Congress passed its first naturalization law 228 years ago on March 26, 1790. The Naturalization Act of 1790 was the most open naturalization law in the world at the time, allowing free white persons of good character to naturalize after two years of residence in the country and one year of residence in a particular state. Denying citizenship to American Indians, free blacks, indentured servants, and others who did not count as free white persons was a great injustice, but the 1790 Act was an improvement over other countries at the time that also limited naturalization based on gender, skill, or religion in addition to race. Although the Naturalization Act of 1790 did place some restrictions on who could become a citizen, it placed no restrictions on who could enter the United States. The Supreme Court largely corrected Congress’ error in 1898 in its United States v. Wong Kim Ark decision when it ruled that children of immigrants, including non-whites, were also citizens if they were born in the United States.

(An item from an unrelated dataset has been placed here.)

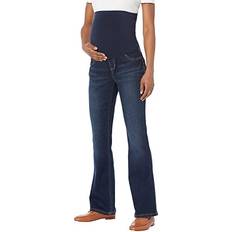 Motherhood Boot Cut Stretch Secret Fit Belly Maternity Jean Hidden Shadows (M90075-98)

The Western world had a long legal, social, and ethical tradition of openness to immigrants and naturalization that culminated in some of the best portions of the American immigration system. Hillsdale College history professor Bradley J. Birzer wrote a wonderful essay for The American Conservative in January that showed that our civilizational heritage is replete with relatively open borders and the unencumbered movement of people across them with few practical restrictions, with the United States as a recent inheritor of such thought. Although Greeks and Romans both had liberal migration systems, there were important distinctions between Roman and Greek practices of naturalization and citizenship. The American Founding Fathers decidedly favored a model close to that of the Romans over that of the more restrictive Greeks.
Archaeologist John R. Hale of the University of Louisville wrote, “[u]nlike many of its neighbors, Athens eagerly welcomes foreigners from overseas, whether Greek or ‘barbarian,’ and encouraged them to settle down as residents. So tolerant did the Athenians become that they permitted foreign merchants to build shrines to their own gods within the walls of the Piraeus.” Resident foreigners in Athens were called metics and had to pay a special tax called a metoikion. Metics could not own real estate or participate in politics but they could work, amass wealth, and be productive members of the Athenian economy. Athens was the seat of ancient philosophy for several centuries, but many of its most famous philosophers were foreign-born including Aristotle, Anaxagoras, and Zeno. Aristotle and Cephalus, whose mansion Socrates visits at the beginning of The Republic, are two of the most famous metics.